Unsurprisingly, the National Rifle Association has filed suit.
The National Rifle Association filed a lawsuit Wednesday challenging a newly implemented ordinance by the city of Los Angeles that seeks to limit ties between city contractors and the gun rights group.
The lawsuit alleges that the ordinance, which took effect on April 1, violates constitutional protections for free speech and association under the First Amendment and the right to equal protection under the 14th Amendment.
Under the ordinance, city contractors are required to fully disclose any sponsorship of, or contract with, the NRA. It was approved unanimously by the Los Angeles City Council in February. It allows the city to terminate a contract if the contractor does not disclose all ties with the NRA.
The ordinance cites the NRA’s blocking of “sensible gun safety reform” even in the aftermath of several mass shootings in the U.S. It says public funding provided to contractors with ties to the NRA “undermines the City’s efforts to legislate and promote gun safety.”
“I support this policy, I’m confident in it, and we’re not going to be bullied by the NRA,” said Mayor Eric Garcetti in an emailed statement.
Other supporters of the ordinance called the NRA’s lawsuit “desperate.”
“The NRA’s First Amendment rights remain firmly in place while the City chooses to exercise its own rights to require disclosing who has ties to the NRA, so residents of Los Angeles know how and where their tax dollars are being spent,” said council member Mitch O’Farrell, who originally introduced the measure, in an emailed statement.
The NRA’s First Amendment rights may well be uninfringed, but other Second Amendment supporters aren’t so lucky.

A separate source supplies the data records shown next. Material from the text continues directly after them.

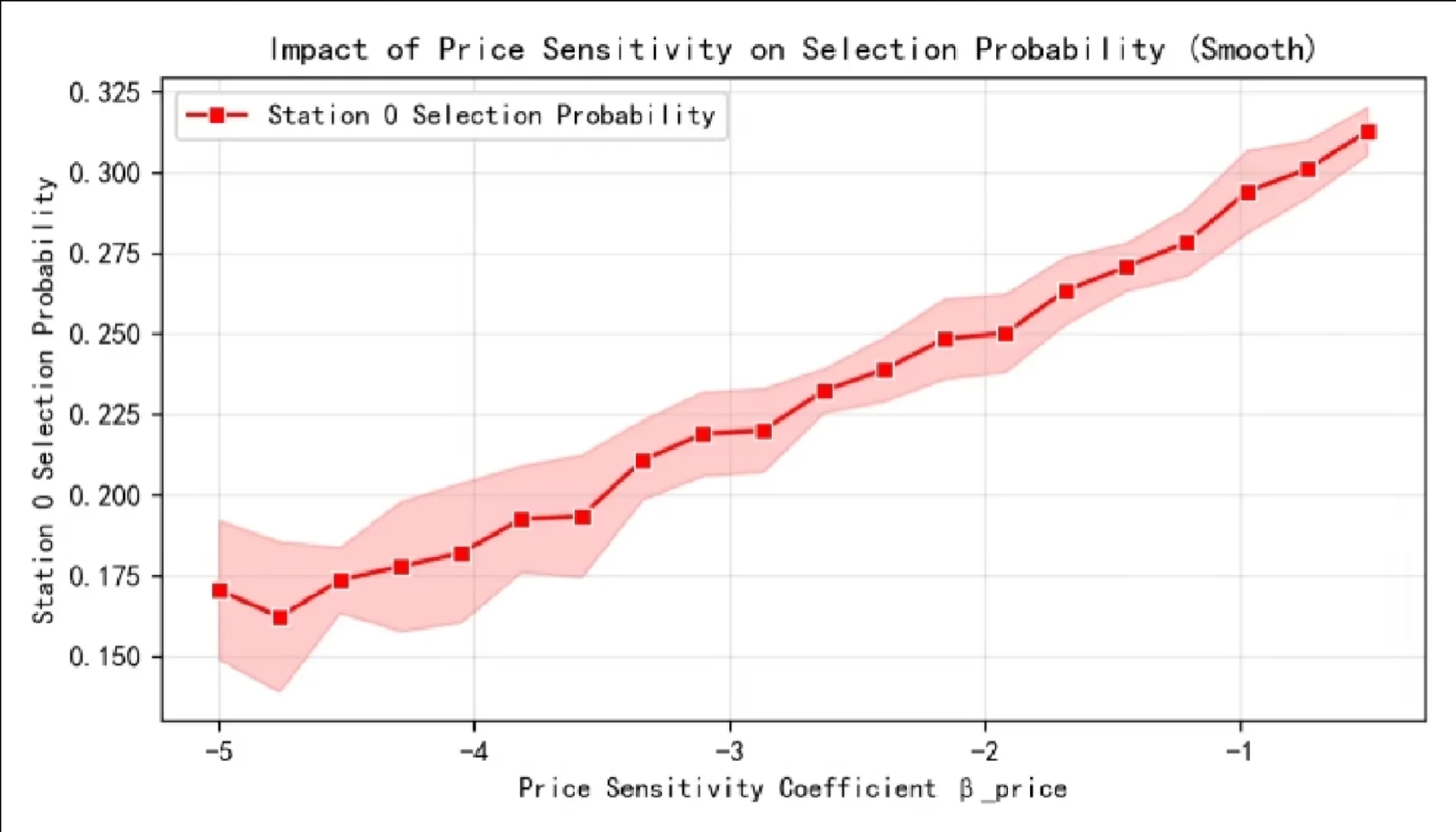 综合能源优化调度虚拟电厂储能光伏风电
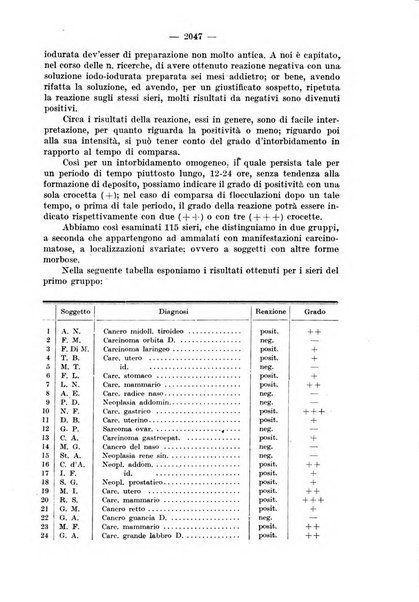 Il morgagni rivista settimanale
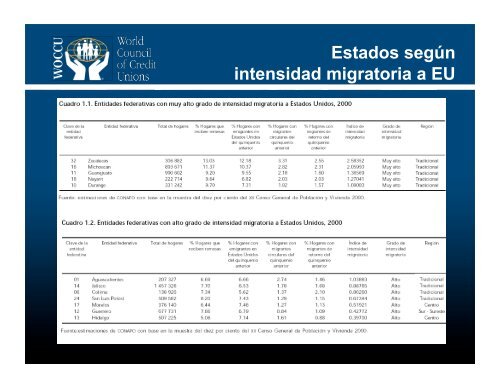 Microfinanzas rurales y migración - precesam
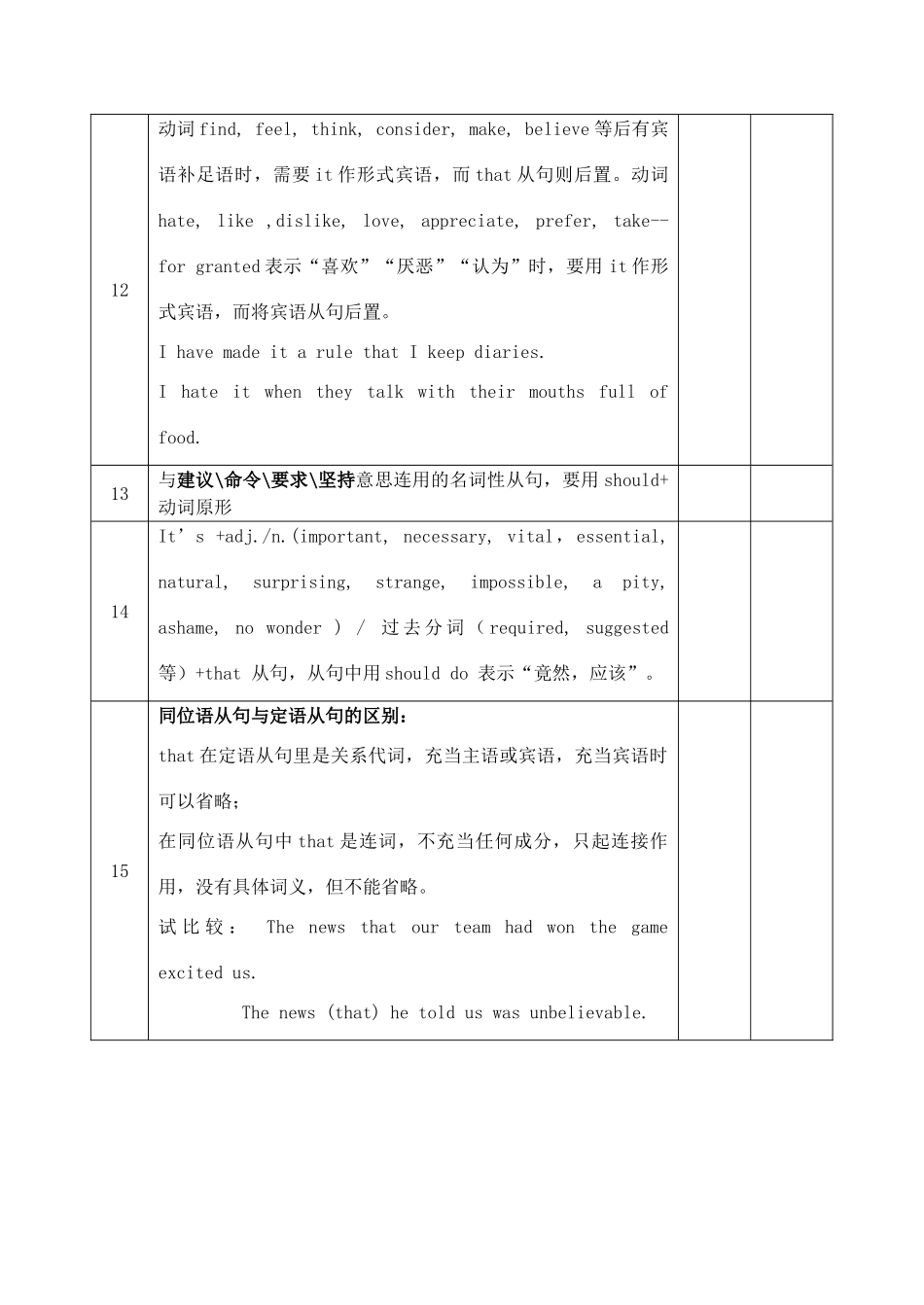 高考英语考前语法梳理 名词性从句素材-人教版高三全册英语素材_第3页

In this country, we’re supposed to be free to support whatever politics we want. More importantly, we’re not supposed to have to worry about being able to support our families because of our political views, especially due to government regulation. Yet that’s precisely what we see out of Los Angeles.

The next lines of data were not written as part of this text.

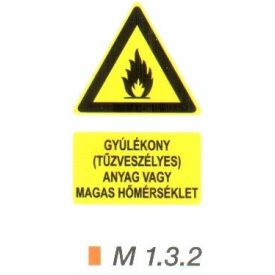   Gyúlékony (tűzveszélyes) anyag vagy magas hőmérséklet m 1.3.2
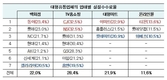 TV홈쇼핑 수수료가 가장 비싸… 업체간 13%p 차이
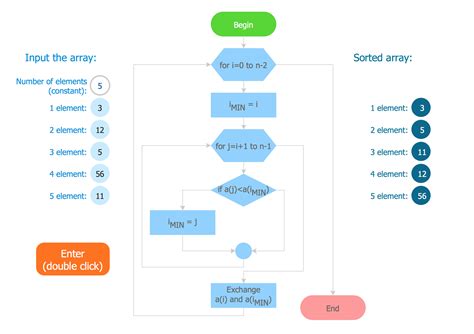 How To Design A Flowchart For A Program Flow Chart Images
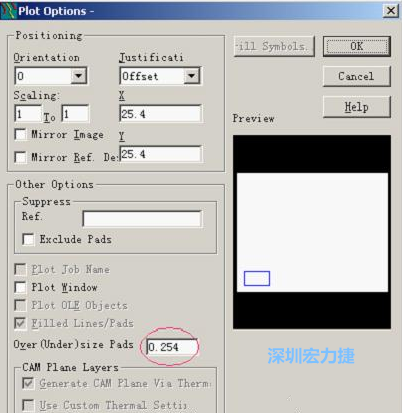 轉(zhuǎn)阻焊時還需在Customize Document欄點擊Option，在彈出的Plot Options-窗口中設(shè)置阻焊放大值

Honestly, I don’t think this one survives a legal challenge. I think the city is going to be hardpressed to find any constitutional grounds for requiring disclosure of such ties except where a clear conflict of interest may lie.
That’s not what this is about. It’s about sending a clear signal to gun rights supporters that “our kind” isn’t wanted for contracts with the city of Los Angeles.

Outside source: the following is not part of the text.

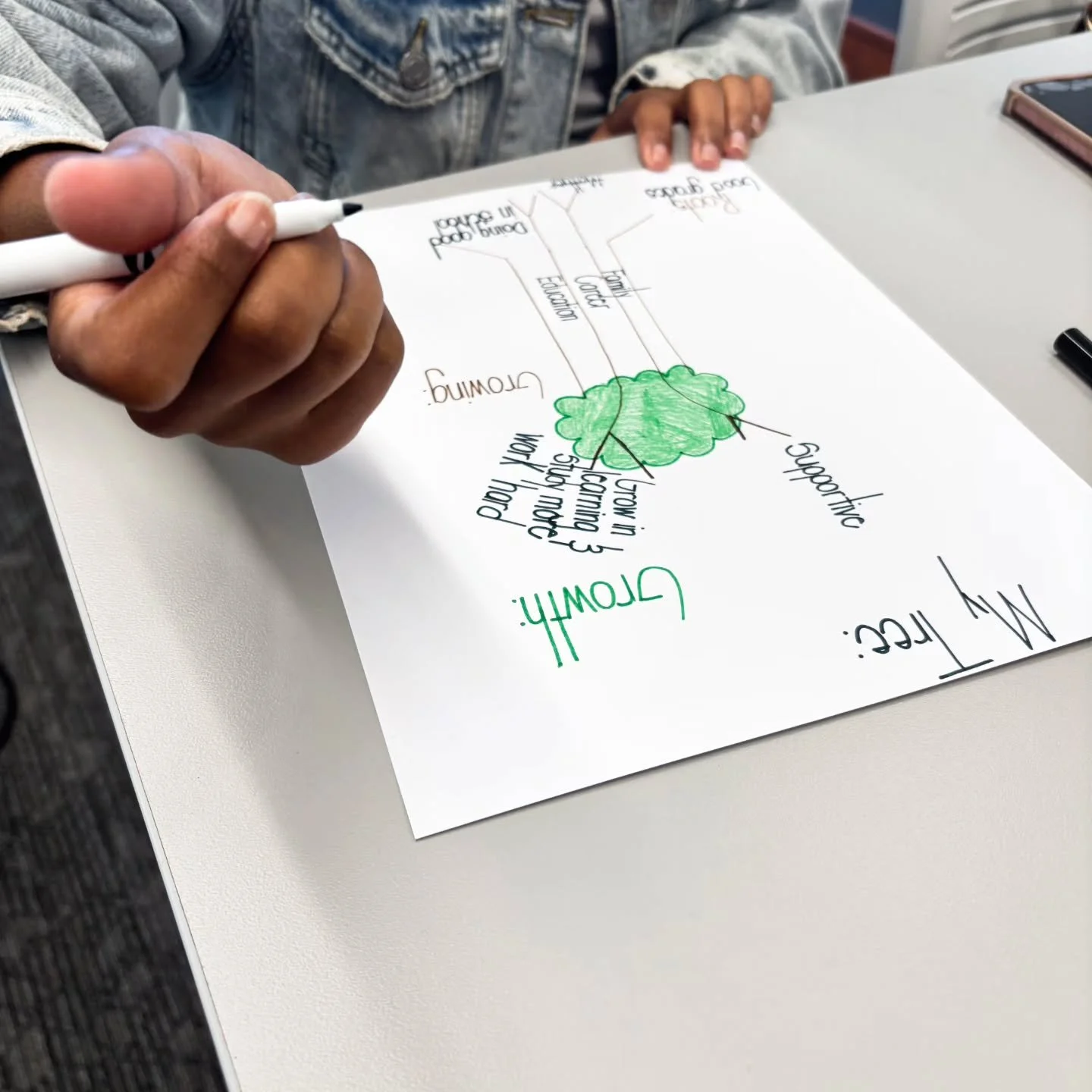 ​We had an amazing time bringing our African-Centered therapeutic groups to the students at Coppin Academy this summer! ☀️

​It was a powerful experience to create spaces for self-reflection, growth, and community. We believe therapy isn't just one t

For me, this isn’t a big deal. They’re not likely to fire up a Second Amendment-supporting website anytime soon, so it’s not like it’ll impact me. It won’t impact most of you, either.
But it will impact a lot of gun rights advocates who live in Southern California who may or may not want to apply for contracts with Los Angeles. Due to the size of the city, contracts could be worth a fortune, and now they’re expressly denied to anyone who doesn’t hold the right views on gun rights.
Oh, sure, it doesn’t ask specific questions. Gun Owners of America members, for example, don’t have to disclose any such ties, but we also have to look into the minds of those who passed this measure.
In their mind, the NRA is the grand boogeyman. That’s the only obstacle they can think of to gun rights being completely repealed–not the six million members or anything, just the NRA–and so they want to remove it. They want to punish gun rights supporters, and that means punishing people with ties to the NRA.
Now, they’ll have to answer in court, as they should.